The overall relaxation timescale in radon (approximately 300 ns·amagat) is slightly longer than in xenon (approximately 200 ns·amagat). This difference reflects the greater atomic mass of radon and the corresponding reduction in energy transfer per elastic collision, resulting in slower cooling of the positron swarm.

4. Summary

We have presented comprehensive calculations of integral cross sections and swarm transport properties for positron–radon scattering using a fully relativistic optical potential (ROP) framework. Given the large atomic number of radon and the absence of experimental scattering data, a consistent relativistic treatment is essential. The present work provides the first ab initio fully relativistic and internally consistent cross-section and transport dataset for positron swarms in radon gas.

Elastic (total, momentum-transfer and viscosity-transfer), direct annihilation, Ps formation, discrete excitation and positron-impact ionization cross sections were calculated over the energy range 0–1000 eV. Comparison with previous semi-relativistic optical model calculations reveals broadly similar elastic behaviour at intermediate and high energies, but significant quantitative differences in the magnitude and decomposition of inelastic channels, particularly Ps formation.

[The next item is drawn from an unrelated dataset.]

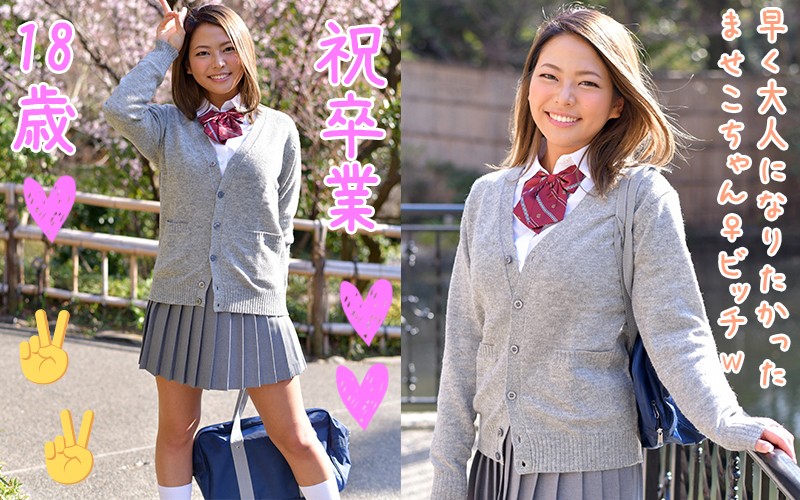 SQB-014 Part 1 - 30 minutes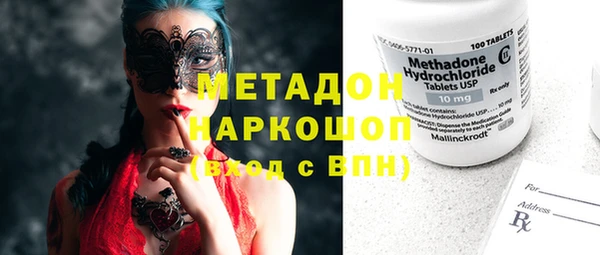 стафф Белоозёрский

These cross sections were employed in a multi-term solution of Boltzmann’s equation to determine steady-state transport coefficients over reduced electric fields from 0.01 to 1000 Td. The results demonstrate the pronounced influence of energy-dependent reactive loss on positron swarm dynamics. Strong divergence between bulk and flux transport coefficients is observed, including non-monotonic bulk drift velocities and substantial suppression of longitudinal bulk diffusion at intermediate fields (0.3–1000 Td). These features arise from the interplay between field-driven acceleration, elastic momentum transfer and energy-selective positron loss, and highlight the necessity of a fully converged multi-term treatment.

Time-dependent, field-free calculations were also performed to investigate thermalization and annihilation dynamics. The positron mean energy relaxes on a timescale of approximately 300 ns·amagat, with the very early stages dominated by Ps formation. The steady-state effective electron number $\langle Z_{\mathrm{eff}}\rangle$ is found to be lower than in xenon despite similar annihilation cross sections, reflecting differences in the steady-state energy distributions induced by elastic scattering.

Overall, the cross-section set and transport coefficients presented here establish a robust theoretical foundation for modelling positron transport and annihilation in radon and other heavy noble gases, where relativistic structure and reactive processes play a dominant role.